*Work to be completed*: Word for word, set down every line of the entries below from the line with "Come valutare la" to the line with "ASSISTA ANTES de", including both, and no other line.
═════ Input data ═════
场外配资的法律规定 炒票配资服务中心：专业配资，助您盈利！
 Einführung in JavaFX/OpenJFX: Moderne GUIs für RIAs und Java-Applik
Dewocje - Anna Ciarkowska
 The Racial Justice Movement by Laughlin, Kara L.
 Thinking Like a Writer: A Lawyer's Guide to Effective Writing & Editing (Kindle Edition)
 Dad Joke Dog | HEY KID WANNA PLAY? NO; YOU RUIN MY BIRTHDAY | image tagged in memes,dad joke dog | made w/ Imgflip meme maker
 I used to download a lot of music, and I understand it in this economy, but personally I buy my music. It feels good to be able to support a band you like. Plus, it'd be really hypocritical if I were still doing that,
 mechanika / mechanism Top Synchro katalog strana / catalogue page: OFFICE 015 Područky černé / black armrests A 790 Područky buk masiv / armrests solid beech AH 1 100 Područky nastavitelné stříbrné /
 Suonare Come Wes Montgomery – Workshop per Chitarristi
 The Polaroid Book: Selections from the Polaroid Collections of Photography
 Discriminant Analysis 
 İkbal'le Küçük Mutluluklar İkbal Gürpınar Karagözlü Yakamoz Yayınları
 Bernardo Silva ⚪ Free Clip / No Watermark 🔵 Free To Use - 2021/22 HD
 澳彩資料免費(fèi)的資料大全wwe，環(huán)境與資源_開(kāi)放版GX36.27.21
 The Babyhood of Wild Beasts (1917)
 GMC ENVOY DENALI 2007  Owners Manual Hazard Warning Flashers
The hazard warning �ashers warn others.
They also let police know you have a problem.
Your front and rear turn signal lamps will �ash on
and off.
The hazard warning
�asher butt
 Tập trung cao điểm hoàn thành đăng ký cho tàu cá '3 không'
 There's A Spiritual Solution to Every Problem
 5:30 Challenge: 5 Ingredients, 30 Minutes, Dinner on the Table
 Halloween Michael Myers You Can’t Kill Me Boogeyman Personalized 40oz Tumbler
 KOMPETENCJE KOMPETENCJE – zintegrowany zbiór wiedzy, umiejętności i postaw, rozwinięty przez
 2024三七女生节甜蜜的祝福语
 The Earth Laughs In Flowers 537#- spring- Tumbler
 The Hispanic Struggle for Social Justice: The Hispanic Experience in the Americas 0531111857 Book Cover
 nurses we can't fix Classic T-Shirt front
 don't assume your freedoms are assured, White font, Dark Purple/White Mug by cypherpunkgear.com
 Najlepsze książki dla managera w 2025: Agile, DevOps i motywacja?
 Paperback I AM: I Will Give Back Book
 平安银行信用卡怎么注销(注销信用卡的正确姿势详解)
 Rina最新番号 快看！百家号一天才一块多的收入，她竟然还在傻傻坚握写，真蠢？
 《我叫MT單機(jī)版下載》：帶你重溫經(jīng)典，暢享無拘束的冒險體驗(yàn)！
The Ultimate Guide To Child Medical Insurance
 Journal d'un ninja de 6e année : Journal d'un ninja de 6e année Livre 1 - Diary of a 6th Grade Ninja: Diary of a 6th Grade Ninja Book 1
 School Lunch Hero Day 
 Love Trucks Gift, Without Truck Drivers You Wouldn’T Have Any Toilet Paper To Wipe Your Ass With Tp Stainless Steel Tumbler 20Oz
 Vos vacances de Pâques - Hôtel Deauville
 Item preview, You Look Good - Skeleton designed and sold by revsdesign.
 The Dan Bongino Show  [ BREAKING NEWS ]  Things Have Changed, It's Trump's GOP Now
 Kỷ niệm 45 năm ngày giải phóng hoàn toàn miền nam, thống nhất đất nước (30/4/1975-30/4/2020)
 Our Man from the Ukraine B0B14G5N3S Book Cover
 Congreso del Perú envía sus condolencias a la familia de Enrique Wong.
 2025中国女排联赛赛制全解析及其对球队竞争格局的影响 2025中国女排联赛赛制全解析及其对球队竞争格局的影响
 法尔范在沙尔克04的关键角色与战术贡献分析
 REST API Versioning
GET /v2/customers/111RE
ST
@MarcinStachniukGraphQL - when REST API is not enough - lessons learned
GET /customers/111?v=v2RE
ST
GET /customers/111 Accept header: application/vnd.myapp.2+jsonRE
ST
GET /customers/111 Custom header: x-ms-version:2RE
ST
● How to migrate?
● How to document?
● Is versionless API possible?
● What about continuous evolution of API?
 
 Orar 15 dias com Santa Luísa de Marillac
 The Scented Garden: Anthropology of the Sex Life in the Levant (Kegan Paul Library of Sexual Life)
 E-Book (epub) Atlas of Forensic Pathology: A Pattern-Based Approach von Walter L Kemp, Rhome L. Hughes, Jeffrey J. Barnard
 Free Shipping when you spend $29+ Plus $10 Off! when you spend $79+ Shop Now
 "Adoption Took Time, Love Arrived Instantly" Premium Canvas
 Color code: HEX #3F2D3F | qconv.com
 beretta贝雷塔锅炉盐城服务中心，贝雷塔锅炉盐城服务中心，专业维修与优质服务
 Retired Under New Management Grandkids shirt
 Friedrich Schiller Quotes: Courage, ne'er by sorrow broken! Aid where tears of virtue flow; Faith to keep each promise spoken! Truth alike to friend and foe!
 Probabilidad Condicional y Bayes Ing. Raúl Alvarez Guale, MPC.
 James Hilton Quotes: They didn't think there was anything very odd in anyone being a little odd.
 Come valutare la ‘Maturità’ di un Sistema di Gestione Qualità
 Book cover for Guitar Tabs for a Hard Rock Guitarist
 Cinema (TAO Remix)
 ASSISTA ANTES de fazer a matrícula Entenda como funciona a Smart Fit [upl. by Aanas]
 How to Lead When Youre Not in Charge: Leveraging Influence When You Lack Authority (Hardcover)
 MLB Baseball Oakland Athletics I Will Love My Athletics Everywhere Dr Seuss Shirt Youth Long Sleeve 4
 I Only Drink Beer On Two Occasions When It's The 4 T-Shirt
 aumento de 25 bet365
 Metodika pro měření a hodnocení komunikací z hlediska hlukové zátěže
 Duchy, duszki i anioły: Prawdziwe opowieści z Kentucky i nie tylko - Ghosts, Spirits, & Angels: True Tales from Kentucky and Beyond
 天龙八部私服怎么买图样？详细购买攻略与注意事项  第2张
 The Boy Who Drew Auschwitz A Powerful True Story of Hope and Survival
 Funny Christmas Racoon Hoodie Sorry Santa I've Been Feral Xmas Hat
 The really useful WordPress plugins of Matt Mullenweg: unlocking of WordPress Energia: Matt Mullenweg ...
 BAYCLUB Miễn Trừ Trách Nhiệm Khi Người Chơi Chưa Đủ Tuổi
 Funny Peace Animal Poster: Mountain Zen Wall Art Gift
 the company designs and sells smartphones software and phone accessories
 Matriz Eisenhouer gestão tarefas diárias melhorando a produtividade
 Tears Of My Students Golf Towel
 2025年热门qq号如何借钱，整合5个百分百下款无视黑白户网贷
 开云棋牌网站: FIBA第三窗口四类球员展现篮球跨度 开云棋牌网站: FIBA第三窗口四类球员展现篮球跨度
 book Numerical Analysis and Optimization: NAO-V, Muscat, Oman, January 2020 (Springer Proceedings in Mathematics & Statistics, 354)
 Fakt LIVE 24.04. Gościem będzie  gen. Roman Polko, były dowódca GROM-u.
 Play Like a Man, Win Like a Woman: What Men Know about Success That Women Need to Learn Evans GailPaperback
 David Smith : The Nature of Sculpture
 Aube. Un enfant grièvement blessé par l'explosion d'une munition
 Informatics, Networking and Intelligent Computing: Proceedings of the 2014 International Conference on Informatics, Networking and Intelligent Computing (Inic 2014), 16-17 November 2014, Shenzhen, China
═════
*Response area*:
 Come valutare la ‘Maturità’ di un Sistema di Gestione Qualità
 Book cover for Guitar Tabs for a Hard Rock Guitarist
 Cinema (TAO Remix)
 ASSISTA ANTES de fazer a matrícula Entenda como funciona a Smart Fit [upl. by Aanas]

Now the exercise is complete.